SAM GARDINER: Well, Amy, this has a very long tradition in the U.S. Military and in militaries in the world which is the notion that you use bad information or distorted information to target the enemy. Up until probably about 15 years ago, that notion was meant that it would be done on the battlefield. It became a growing idea within the military of a thing called information warfare which was sort of the concept that you would bring it outside the battlefield. And what’s happened, and this is what’s so serious, is that it has now been taken into the public airways and we can’t tell whether or not we are getting the truth from the military or psychological operations. And I have to say frankly, I think, and again I would very strongly disagree with Newt Gingrich, because you don’t have to—let’s say that this is a valid notion, we wanted the bad guys in Fallujah to think we were coming early. That doesn’t have to permeate and distort the worldwide media for that message to get across. That’s the kind of thing that you deliver locally. They aren’t communicating with the world. If you want to do it by attacks, if you want to do it, by leaflets, that’s fine. But don’t put it on CNN for all of us to hear.

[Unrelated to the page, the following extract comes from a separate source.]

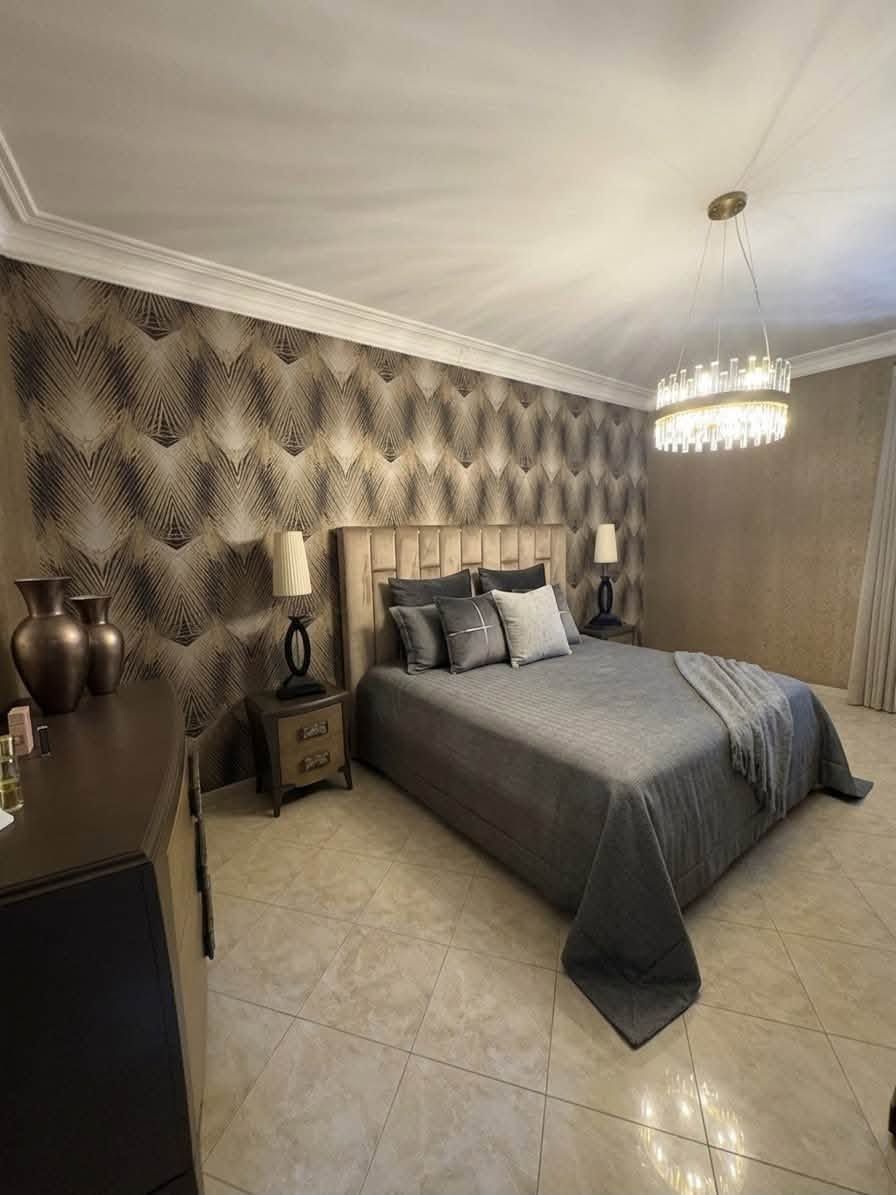 Elegante camera da letto con copriletto grigio, carta da parati a motivi geometrici, lampadario e pavimento piastrellato.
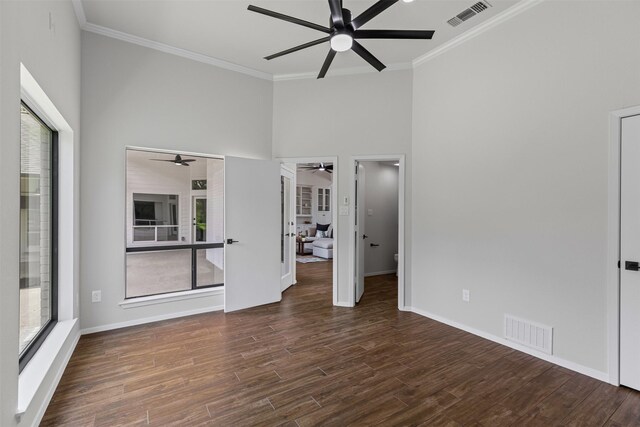 2109 Greta Ln, Fort Worth, TX 76120 - unfurnished bedroom featuring multiple windows, ornamental molding, wood finished floors, a high ceiling, and baseboards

AMY GOODMAN: What do you think should happen right now about this information? I mean, the military at least in this report, being quite clear about what they are doing. That psychological operations is their new approach here at home and abroad. Or not their new approach, as you have pointed out in your own report on the analysis of stories that came out of Iraq from the military that were simply psy-ops, not true, going right to Jessica Lynch.

SAM GARDINER: I think the U.S. military ought not to be allowed to tell other than the truth to the media. The military has no business being in the strategic communications deception business. Let me just give you an example of what ought not to happen. There is, from the special operations command in Florida, an ad on the web right now for P.R. Firms to come and bid a proposal, do government work, so that they can do media operations that have a psychological dimension that, and I will quote the document, to be broadcast worldwide. Amy, the military ought not to do that. You know, this is the kind of thing that politicians do and in fact that was the way the administration controlled the message in the war was to send politicians down to do it. But when the guys in uniform begin to tell untruths, we have problems.

AMY GOODMAN: Colonel Sam Gardiner, I want to thank you for being with us. Colonel Sam Gardiner is a retired Air Force colonel. Thank you very much.